Since deep neural networks were developed, they have made huge contributions to everyday lives. Machine learning provides more rational advice than humans are capable of in almost every aspect of daily life. However, despite this achievement, the design and training of neural networks are still challenging and unpredictable procedures. To lower the technical thresholds for common users, automated hyper-parameter optimization (HPO) has become a popular topic in both academic and industrial areas. This paper provides a review of the most essential topics on HPO. The first section introduces the key hyper-parameters related to model training and structure, and discusses their importance and methods to define the value range.
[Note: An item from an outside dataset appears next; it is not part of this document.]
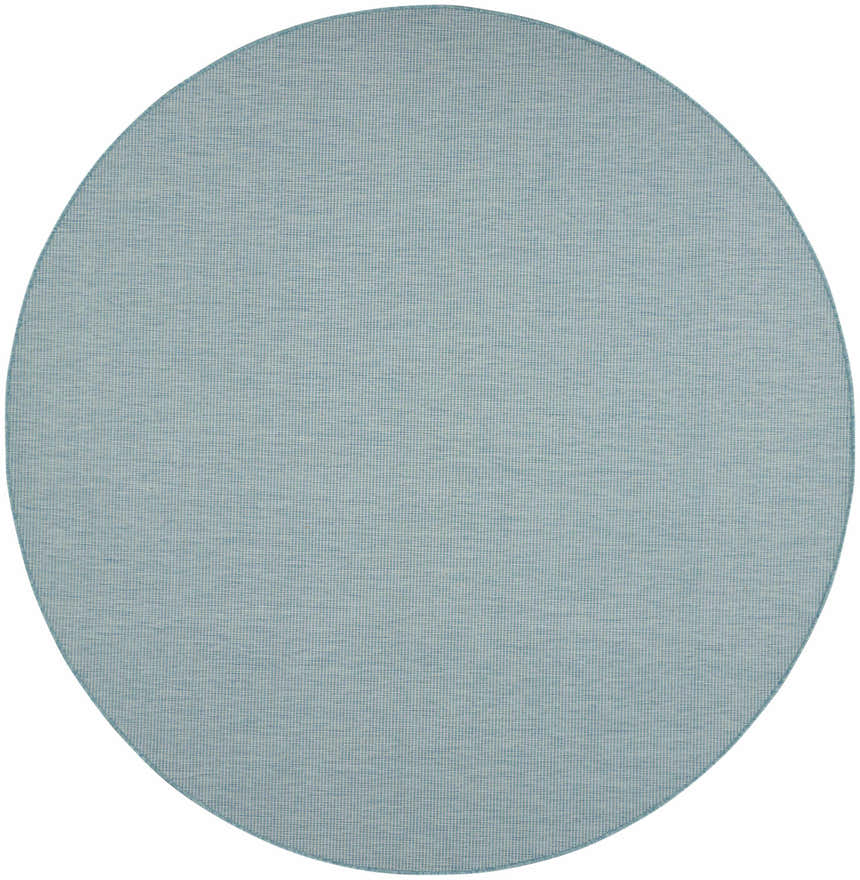 Close-up of a round Nourison Positano Aqua rug. The rug has a subtle woven texture in light blue tones.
Then, the research focuses on major optimization algorithms and their applicability, covering their efficiency and accuracy especially for deep learning networks. This study next reviews major services and toolkits for HPO, comparing their support for state-of-the-art searching algorithms, feasibility with major deep learning frameworks, and extensibility for new modules designed by users. The paper concludes with problems that exist when HPO is applied to deep learning, a comparison between optimization algorithms, and prominent approaches for model evaluation with limited computational resources.